The SARS filed by Fleet Bank revealed several purchases of interest to the FBI, primarily "debit-card purchases from stores that 'specialize in high-tech military equipment and apparel,' including Black Hawk Industries in Chesapeake, Va., and Brigade Quartermasters in Georgia. (Black Hawk's Web site, advertises grips, mounts and parts for AK-47s and other military-assault rifles as well as highly specialized combat clothing, including vests designed for bomb disposal.)"
 
Naturally, for the FBI, these purchases spelled al-Qaeda in 50 foot high neon letters.
 
At first the FBI claimed Pakistan had Siddiqui -- and then suddenly they changed their minds. "She is not in custody," said John Iannarelli, a special agent with the FBI's national press office, and was "certainly not being interviewed by the FBI ... We're still looking for her."
 
On March 30, 2004, more than a year after Siddiqui's disappearance, the Pakistani newspaper Dawn speculated that she had indeed been detained by authorities and subsequently "handed over to the Americans."
 
On December 30, 2003, according to the Dawn account, "Dr Fawzia Siddiqui, elder sister of Dr Aafia Siddiqui, saw Mr Faisal Saleh Hayat at Islamabad ... regarding the whereabouts of Dr Aafia Siddiqui ... Mr Faisal Saleh Hayat told Dr Fawzia ... that according to his information Dr Aafia Siddiqui had already been released and that Dr Fawzia Siddiqui should go home and wait for some phone call from her sister.

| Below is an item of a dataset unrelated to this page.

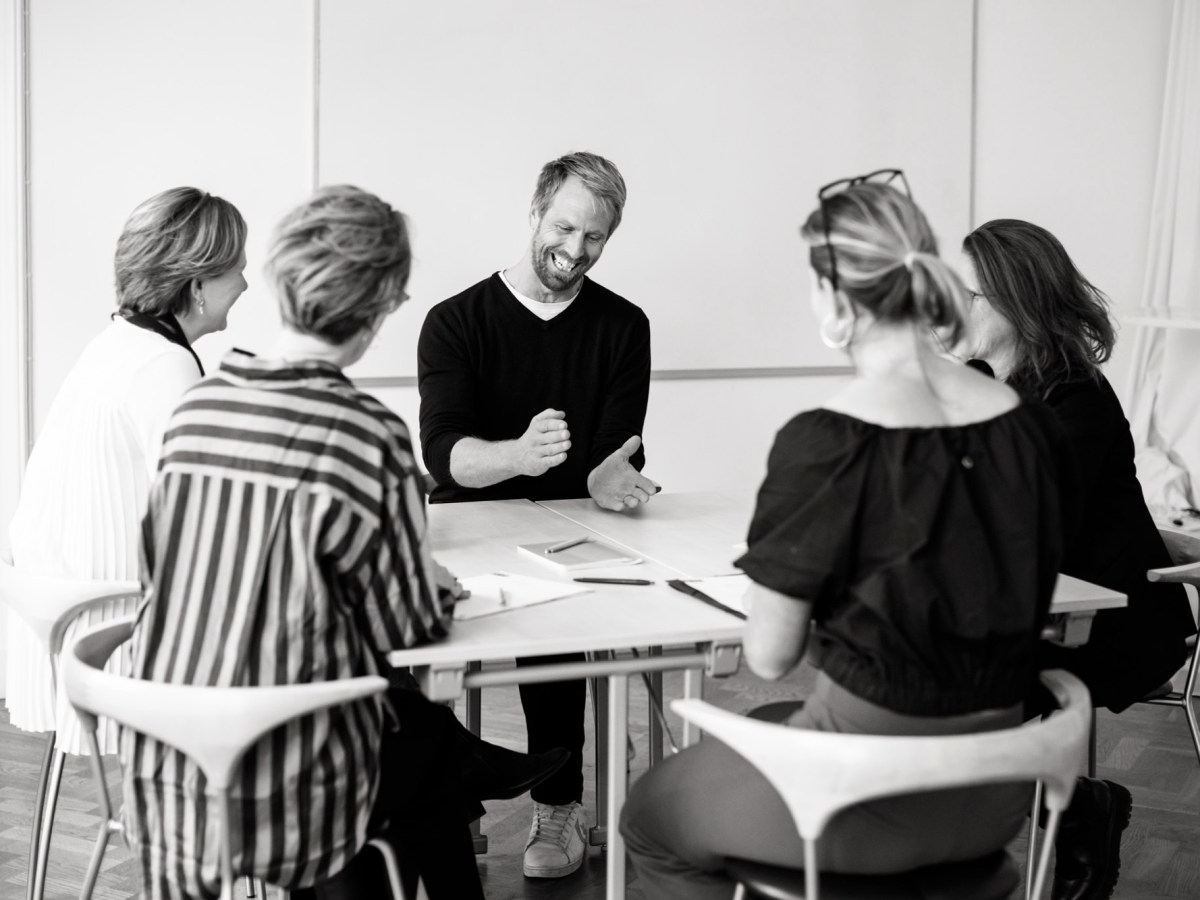 The operating system of the company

But, alas, that phone call has not yet come (third week of March) and the whole family of Dr Aafia Siddiqui, including the author of these lines, are in a state of severe mental torture."
 
If Aafia Siddiqui was "handed over to the Americans," as Dawn claims, why is her face plastered on Ashcroft's wanted poster? Is there something Ashcroft is not telling us about Siddiqui? Is it possible Siddiqui was released by the Pakistanis and simply disappeared? Or was made to disappear? Nobody knows.
 
During Ashcroft's news conference, not a soul asked these questions. But then nobody asks John Ashcroft tough questions, least of all journalists from the corporate media -- they want to be invited back and above all keep their jobs.
 
Is it possible "professional" journalists -- with massive databases and powerful research tools at their fingertips -- are unaware of Siddiqui's disappearance and the claim that she is already in US custody?
 
What does it say about the corporate media when one guy searching Google with a dial-up internet connection reveals more about Aafia Siddiqui than the New York Times, CNN, and Fox News combined? Or is there a reason the corporate media has not commented on what Newsweek and the Boston Globe reported about Aafia Siddiqui last year? Is it intellectual laziness or something else?
 
Obviously, Bush does not like to answer questions, especially questions about his business dealings with Saudi Arabia and the bin Laden family, a subject Michael Moore deals with in his latest documentary. Is it possible Aafia Siddiqui's association with people receiving money from Saudi Arabia -- transactions and debit-card purchases that sent up red flags at the Treasury Department and the FBI -- suddenly became a forbidden subject? And if so, why is Siddiqui's photograph on Ashcroft's wanted poster? We don't know. And nobody seems inclined to ask, least of all the corporate media.
 
All we know is Aafia Siddiqui has disappeared.